The hardest part of going to finish on the cover illustration was working loosely within a finalized space where the image would drop. Once I have parameters laid out, my instinctive response is to tighten up and control where the linework and gestures travel. In this circumstance, I had to keep the drawing lively and spontaneous in feel without getting sloppy, but also make sure that I didn’t let the liveliness mess with the headline/s that would appear on the cover as well as the area where mailing addresses would be printed (In actuality, I had all forgotten about the mailing address space.). I rejected pen and ink as the medium and went with the very dependable Prismacolor pencils, retaining an option to drop some watercolor/gouache if necessary. The colors and plasticity in the pencils were just what I needed but didn’t prevent numerous false starts before I felt something was happening. Even as this was going on there was a debate going on back at RS whether more or less of the face would work better. More swirls, less swirls? Darker lines or more orange area? Options were presented. We went with more definition and a very judicious inclusion of swirls. Considerations continued till the twelfth hour when it went to press but when it did we knew we had a winner.

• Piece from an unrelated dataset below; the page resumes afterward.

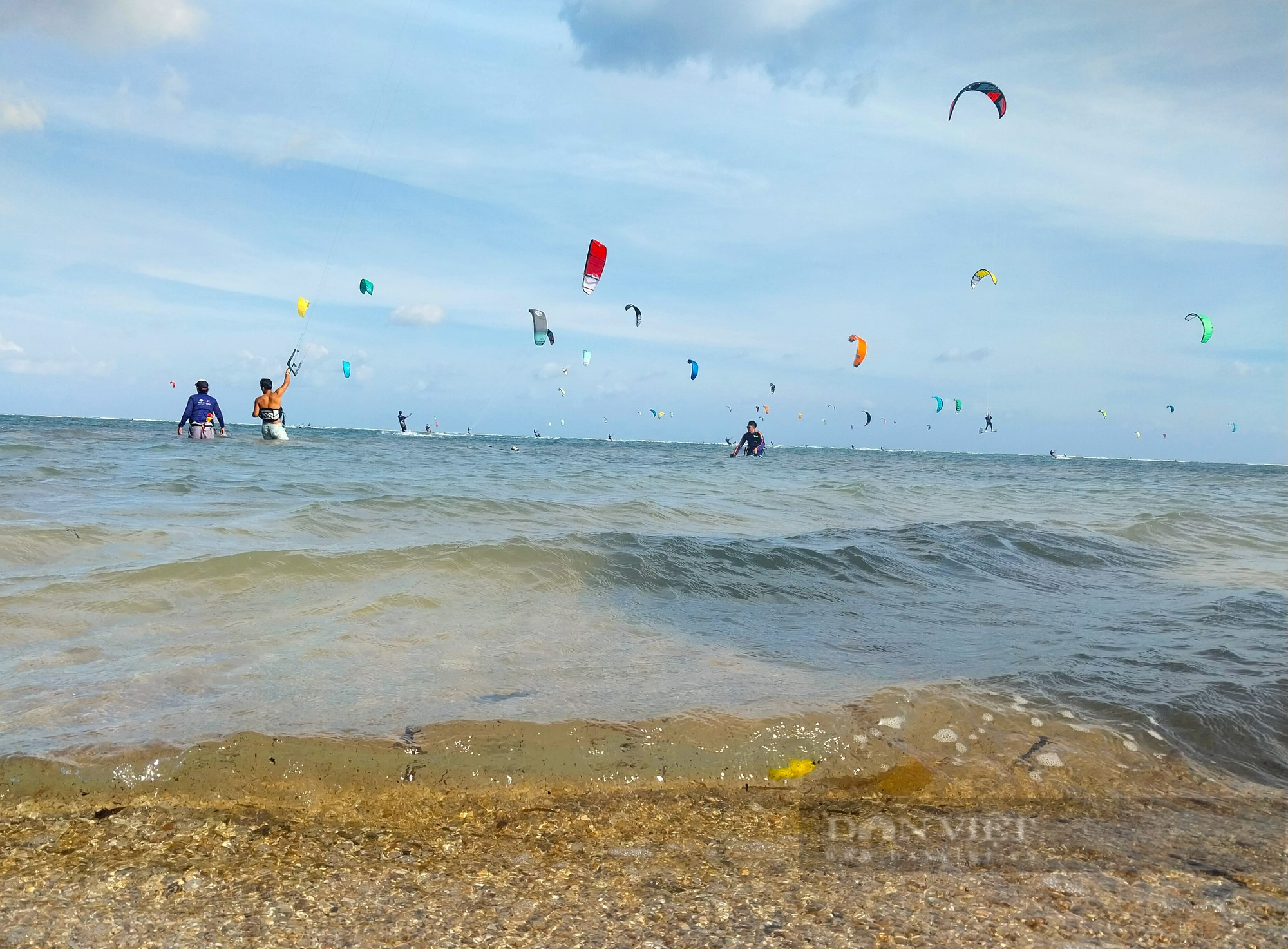 “Mãn nhãn” với bức tranh đầy màu sắc Festival lướt ván diều Quốc tế Sailing Bay Ninh Chử năm 2022 - Ảnh 14.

Working with ROLLING STONE has been one of those relationships we illustrators dream of. All the art directors I've had the pleasure to work with have been first rate great people who have your back while offering cogent feedback when necessary. This also applies to the editors. Everyone there still "gets it" in a publishing world where control of content and a desire to print wallpaper rather than imagery that makes a statement is more the rule than the exception. It's particularly satisfying contributing visuals to the tradition of great journalism that has been a hallmark of the magazine. Many thanks to Joe Hutchinson, Mark Maltais, Jason Fine, Sean Woods, Matt Taibbi and Jann Wenner.